■ワゴンライクに使える優れたユーティリティ性能が持ち味
コンパクトカーに分類されるが、“ユーティリティ・ワゴン”というだけあって、実用性は同クラスのモデルとは一線を画している。1420mmに設定された室内の幅は、他車に比べて広いわけではないが、2列目のシートが50対50の分割可倒式なうえ、ヘッドレストとシートバックを外すことなく前倒しとフルフラットが可能となっている。
これにより、乗員数と積載する荷物に合わせた多彩なシートアレンジが行えるので、ファミリーカーとしてだけでなく、趣味でクルマを使う人など、幅広いユーザーに適応できる。
収納スペースは運転席まわりにインパネアッパーボックスやカップホルダー、インパネポケットトレイをはじめ、オーバーヘッド部にもサングラスポケット、ドアには可倒式大型ドアポケットを採用。
後席には足もと収納ボックスが備わり、荷室にラゲッジトレイやサイドボックスなど、その数は全16カ所。

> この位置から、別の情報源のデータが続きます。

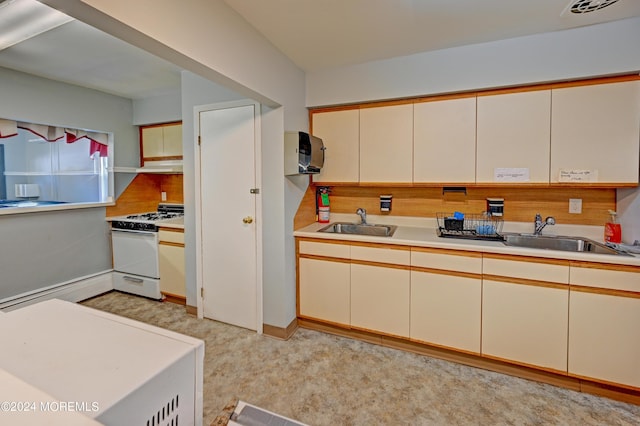 kitchen featuring white gas stove, cream cabinets, a sink, and light countertops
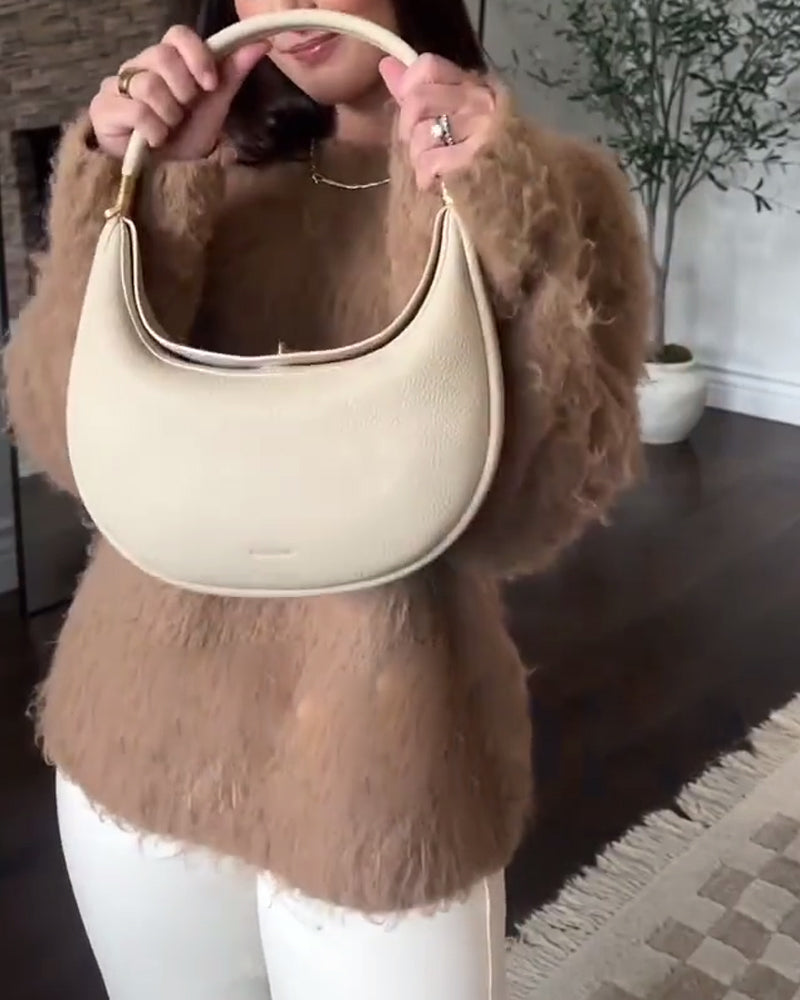 Effen kleur elegante halvemaanvormige schoudertas onder de arm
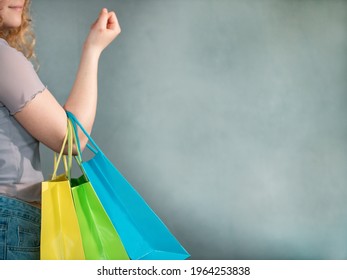 Woman  holds shopping bags in blue, green and yellow. On the right is space to put in your own text.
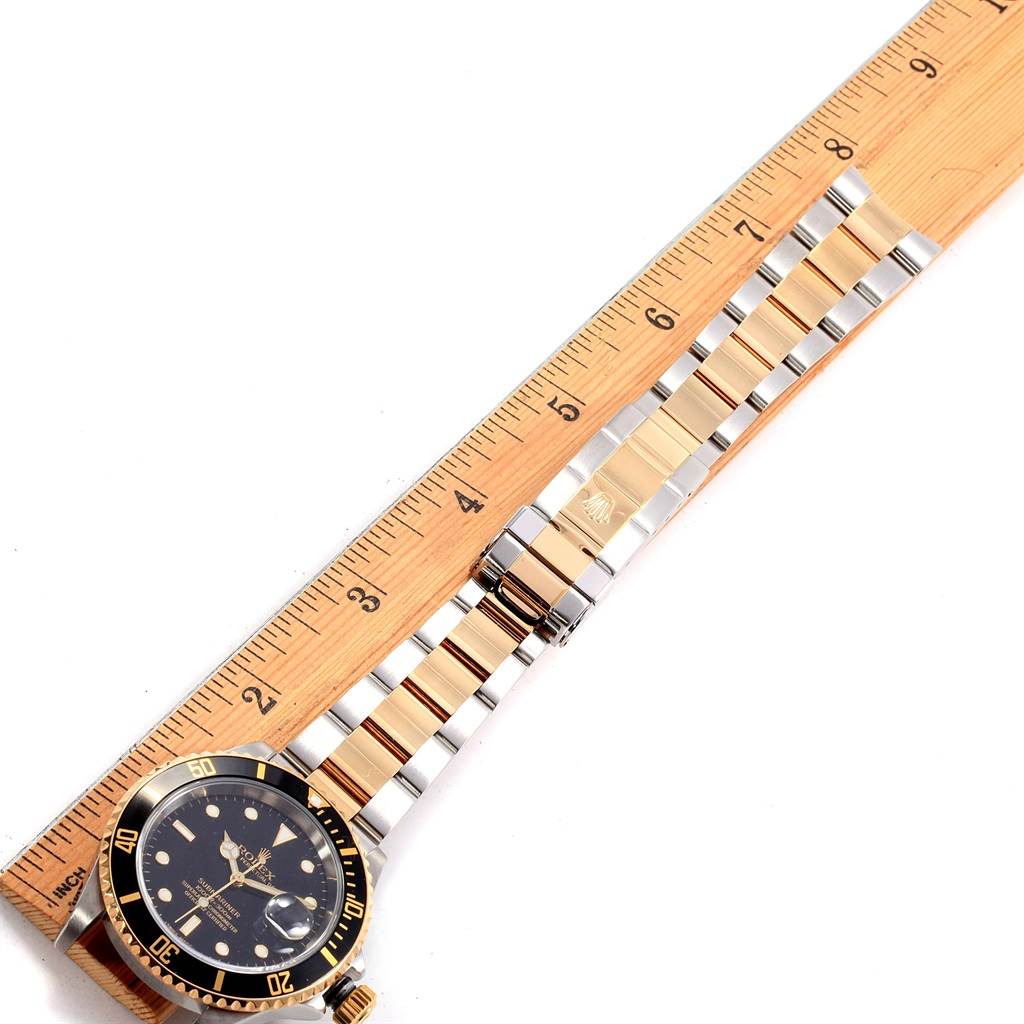 The image shows a Rolex Submariner 16613 Men's Steel and Gold (two tone) Black Dial 16613 Men's Steel and Gold (two tone) Black Dial watch laid flat next to a ruler, highlighting the bezel, dial, and bracelet.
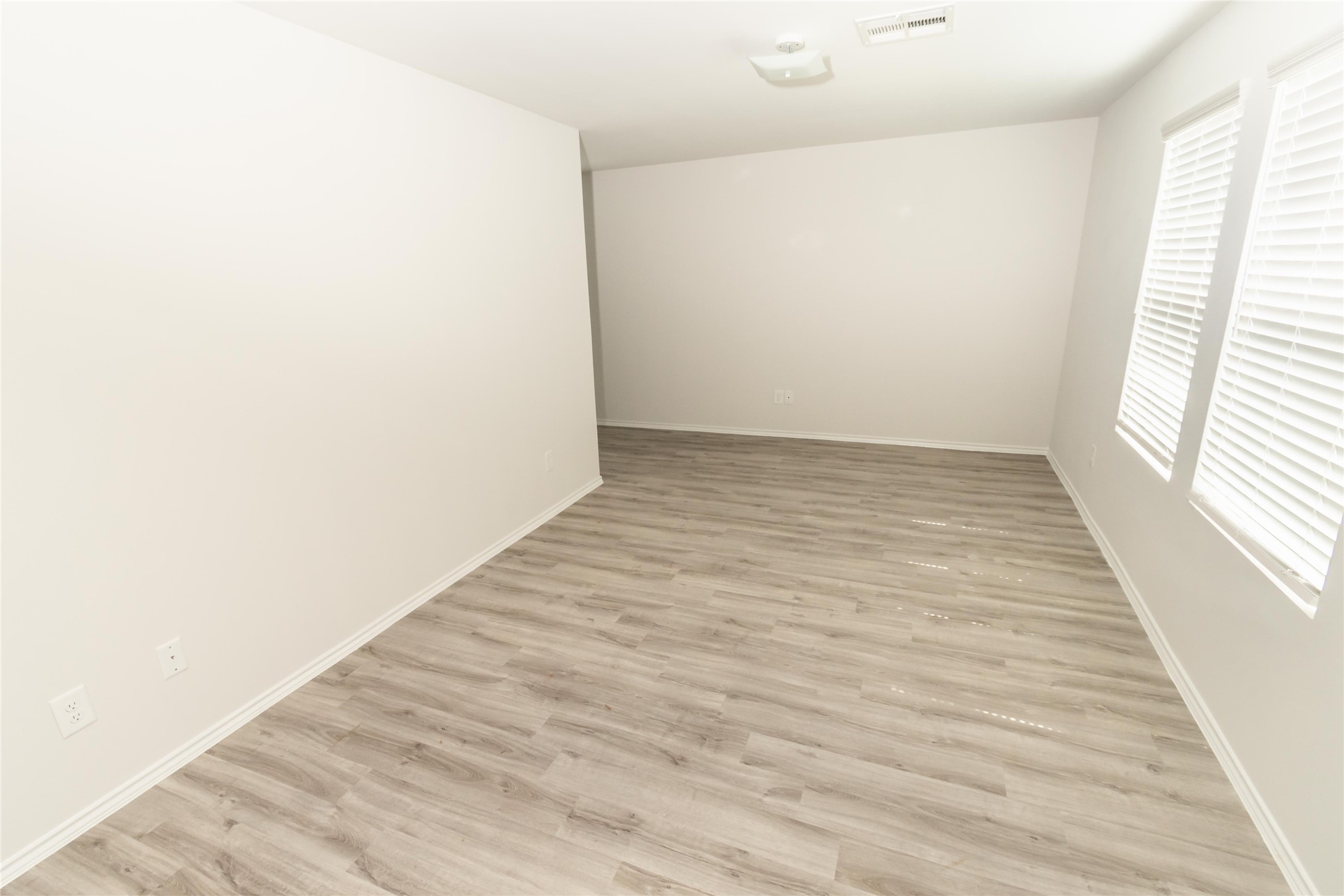 18638 Bell Ravine Drive Katy, TX 77449 - Photo 13 of 19 an empty room with wooden floor and windows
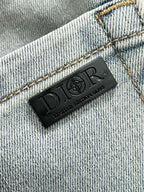 Light blue denim jeans interior brand label patch on stitched seam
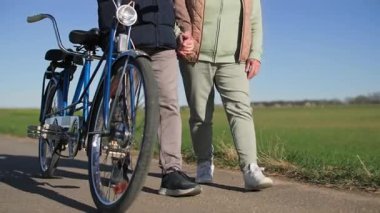 Bisikletli yaşlı bir çift şehir dışında spor gezisi yapıyor. Aynı anda hareket eder ve güneşli bahar havasında yeşil çayırların arka planında el ele tutuşurlar. Aşağıdan görüntüle
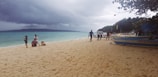 A group of people is walking and relaxing on a sandy beach. The sky is overcast with dark clouds, and the sea is a shade of turquoise. There are boats parked along the shore, with trees visible in the background.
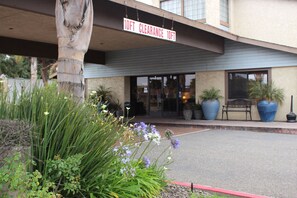 A building entrance with a 10ft clearance sign, potted plants, and a bench outside.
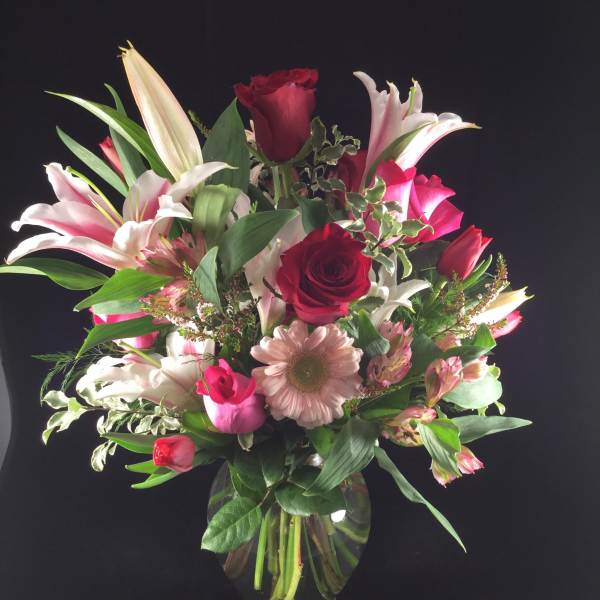 Mixed bouquet of red roses, lilies, and pink daisies in a glass vase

優れた積載性や気の利いた収納スペースが豊富に備わっていることもSUWならではのメリットと言えるだろう。
パワーユニットは、1.5LのGDIエンジンと4速ATの組み合わせだ。小排気量だが低回転域から十分なトルクを発生する特性によって、ストレスを感じさせない軽快な走りが味わえる。レギューラーガソリン仕様で、経済的で環境に優しいというのも特徴だ。2000年1月には排気量1.3L、さらに翌月は排気量1.8Lエンジンが追加されている。
標準仕様のほか、人気の高いフレーリーパールというボディカラーを採用した特別仕様車の「パールディンゴ」。エアロパーツや15インチアルミホイール、ローダウンチューンドサスペンションを装備した「エアロ」。外観に専用アイテムを多数採用した「ユーロディンゴ」など、魅力的なバリエーションを揃えていたのも、ディンゴが三菱自動車のカーラインにおける大きな柱に位置付けられていた証とも言える。
新しい企業ポリシーを具現化したクルマとして期待され、順風満帆に思えたディンゴだが、2002年に発覚した三菱自動車のリコール隠しという不祥事が影響して販売は次第に先細りとなり、2002年9月に生産中止となる。
ディンゴが生産されていた期間はわずか3年8カ月と短いものの、それでも記憶に残っているのは、今どきのクロスオーバーモデルのようにコンパクトカーにワゴンの能力が融合され、コンパクトカークラスのなかでは高い実力を有していたことが理由として挙げられる。
さらに付け加えるなら、三菱自動車がサポートしていた浦和レッズの選手が着ていたユニホームにその車名が誇らしげに描かれていたことも、その名を広く知らしめた要因のひとつかもしれない。